Ces minicalculatrices font beaucoup pour démythifier l'informatique. Devenue plus proche, elle fait moins peur et entre dans l'usage courant. C'est probablement pour cette raison que le gouvernement français a voulu que l'on cesse d'y employer trop exclusivement des termes anglo-saxons. On ne doit plus maintenant parler de hardware, mais de matériel. Quant au software, ce terme qui recouvre tout l'art et la science de la programmation, il s'appellera désormais logiciel, du moins si chacun de nous veut bien employer ce nouveau mot.

« Cyclades », premier réseau européen d'ordinateurs

Présentant le premier réseau d'ordinateurs réalisé en Europe, Maurice Allègre, délégué général à l'Informatique, a expliqué l'appellation qui lui a été donnée : « Les Cyclades, îles grecques de la mer Égée, sont ainsi nommées parce qu'elles forment un cercle. Je crois qu'il faut retenir l'image : les centres de traitement sont encore aujourd'hui des îles isolées au milieu d'un océan de données qui submerge notre civilisation. Or, grâce au réseau, voici que ces îles vont pouvoir être reliées les unes aux autres et participer ainsi à un vaste cercle d'échange d'informations qui conditionnera le développement futur de notre société. »

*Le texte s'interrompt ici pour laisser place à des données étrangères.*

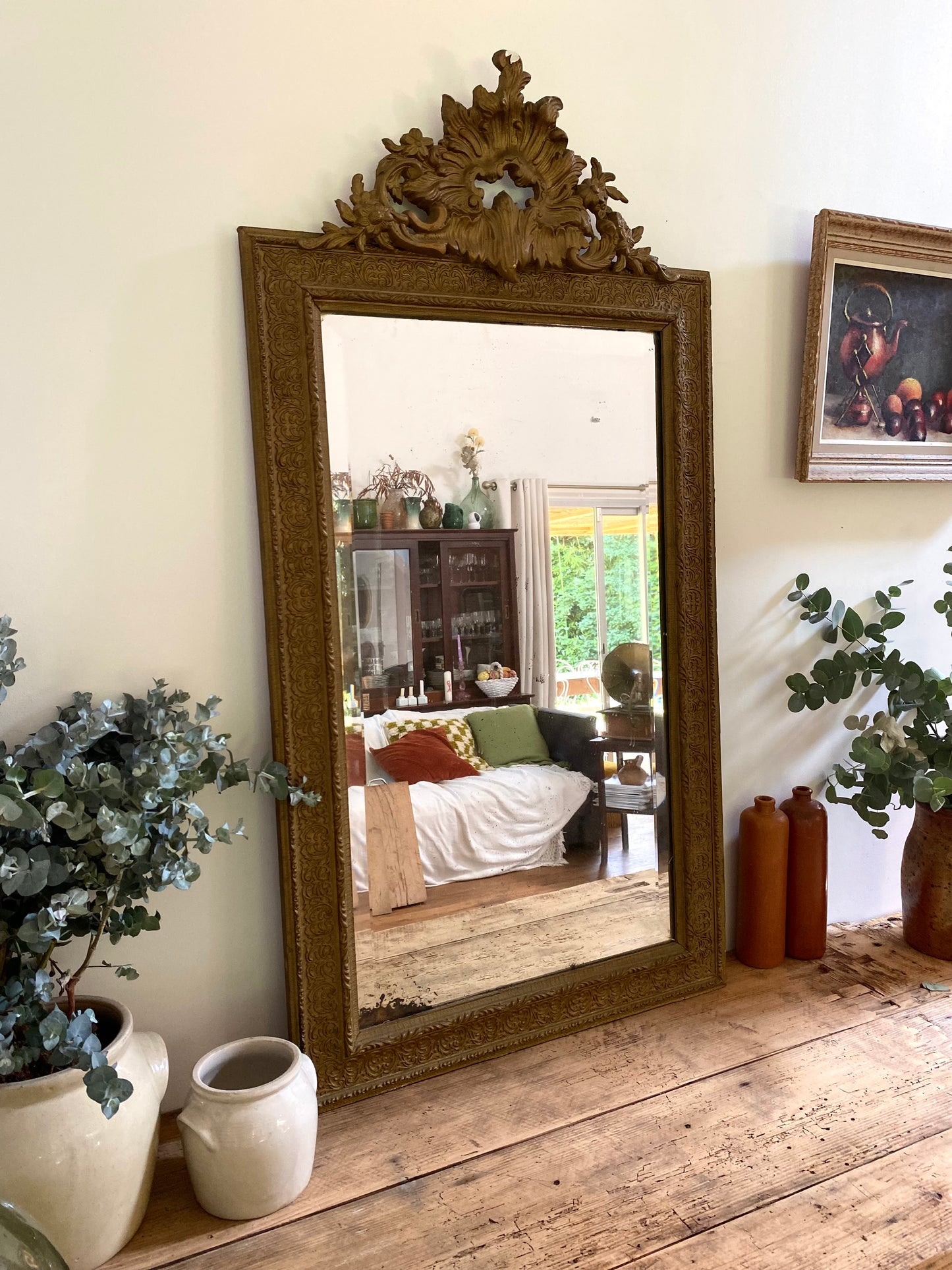 Grand miroir ancien baroque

Les réseaux généraux d'ordinateurs, comme Arpa aux États-Unis et Cyclades en France, ne sont pas conçus pour une utilisation particulière, ni pour centraliser des traitements sur un seul équipement ou sur un groupe d'équipements. Leurs caractéristiques sont, au contraire, la dispersion et la diversité. Ils permettent à tous les utilisateurs d'accéder à un grand nombre de ressources sans fixer a priori de restrictions sur la localisation et les caractéristiques des uns et des autres.

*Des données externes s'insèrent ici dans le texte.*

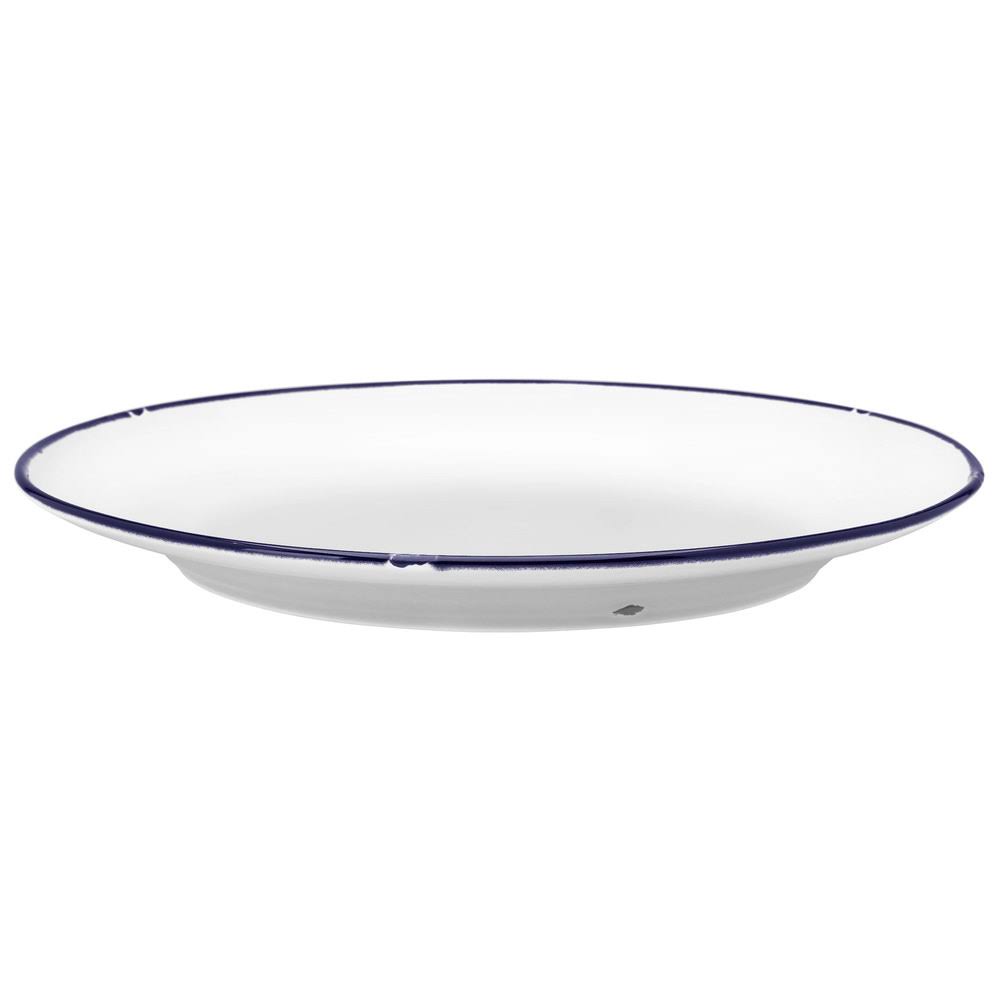 White Blue Porcelain Plate P175911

Pour relier entre eux des ordinateurs de types différents, pour leur permettre de dialoguer et de traiter réciproquement leurs informations, un organisme central de transmission est nécessaire. Il possède ses propres petits ordinateurs, qui assurent le fonctionnement et la gestion du réseau de commutation de paquets. Ce terme désigne un mode particulier de transmission des messages. Au lieu d'être communiqués au fur et à mesure, ils sont stockés et acheminés par morceaux, par paquets, selon la disponibilité des lignes de communication et l'intensité du trafic. Ce système est le mieux adapté au transfert des informations pour les réseaux généraux d'ordinateurs. Il permet notamment de choisir telle ou telle ligne de communication en fonction des possibilités du moment : les divers paquets ne suivent pas forcément le même chemin pour arriver à destination.